First, Jesus would likely have faulted both sides of the debate for an excessively materialist perspective. On one side, we hear that marriage is about procreation and child rearing. On the other, that it’s about love and companionship. But Jesus did not understand marriage primarily in terms of its temporal or material effects. For Jesus, marriage was a spiritual representation of divine relationships. According to Jesus, God created man and woman—male and female—in the image of God, mirroring the unity and diversity within the Godhead. Jesus and later apostolic writers referred to Jesus as a bridegroom and the Church as his bride. Jesus explained that in Heaven people would not be married to one another, since they would be in perfect union with God. Thus, the ultimate good of marriage was not that it served immediate material needs but that it celebrated the eternal nature of God.
This understanding of marriage has precious little purchase in the contemporary, hyper-materialist world. Even those who recognize marriage’s “spiritual” component usually mean that psychosomatically—marriage feeds long-term emotional and pyschological needs. We’ve lost any sense of human institutions as good because of their correspondence to divinity. Across the ideological spectrum, we’ve given in to Richard Posner’s wish of “unmasking and challenging the Platonic, traditionalist, and theological vestiges in Enlightenment thinking.” It’s safe to say that Jesus would have had a different take.
Second, and in some tension with my first observation, Jesus might have responded to a question about same-sex marriage by distinguishing between the spiritual ideal and pragmatic legal rules.

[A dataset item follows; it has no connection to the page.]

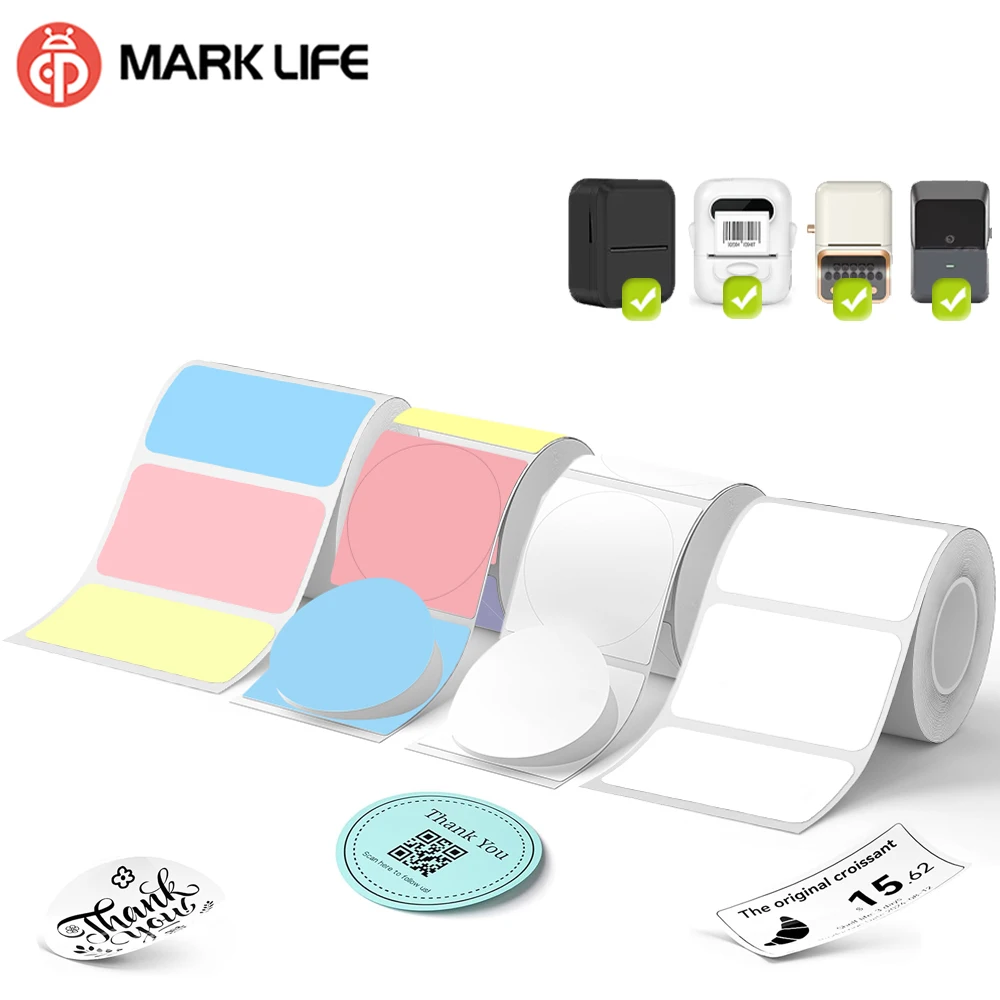 Marklife 2inch Thermal Label Sticker Adhesive Round White Waterproof Paper For P50 D100 D200 Mini Printer For Home Office Tape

That is what Jesus did on divorce. When asked whether a man should be allowed to divorce a woman for any and every reason, Jesus responded that Mosaic law allowed for divorce because of the hardness of people’s hearts, but that things weren’t that way from the beginning. Jesus was not advocating a change in the law, but a change in people’s hearts.
Christian thinkers have long debated the distinction between legal and spiritual marital norms. When Britain was liberalizing its divorce laws in the 1940s, my two favorite Christian writers, J.R.R. Tolkien and C.S. Lewis, took different views on whether Christians should advocate that secular legal institutions mirror the spiritual ideal. Tolkien opposed the divorce reforms on the grounds that the spiritual should inform the legal. Lewis argued for a pragmatic differentiation between the spiritual and the legal. In my view, Lewis was closer to the position staked by Jesus.
Finally, chances are that Jesus’ answer would go to issues far beyond the narrow question presented. This was almost invariably Jesus’ pattern when confronted with hot-button legal issues. He always found the question itself less important than the darkness it exposed. Thus, he turned the question about paying taxes to Caesar into condemnation of his questioners’ failure to honor God, the adultery penalty question into an indictment of his interlocutors’ self-righteousness, and the divorce question into an exposé of spiritual hardness. I shiver to think of how he might turn the same-sex marriage question back on us. All of us.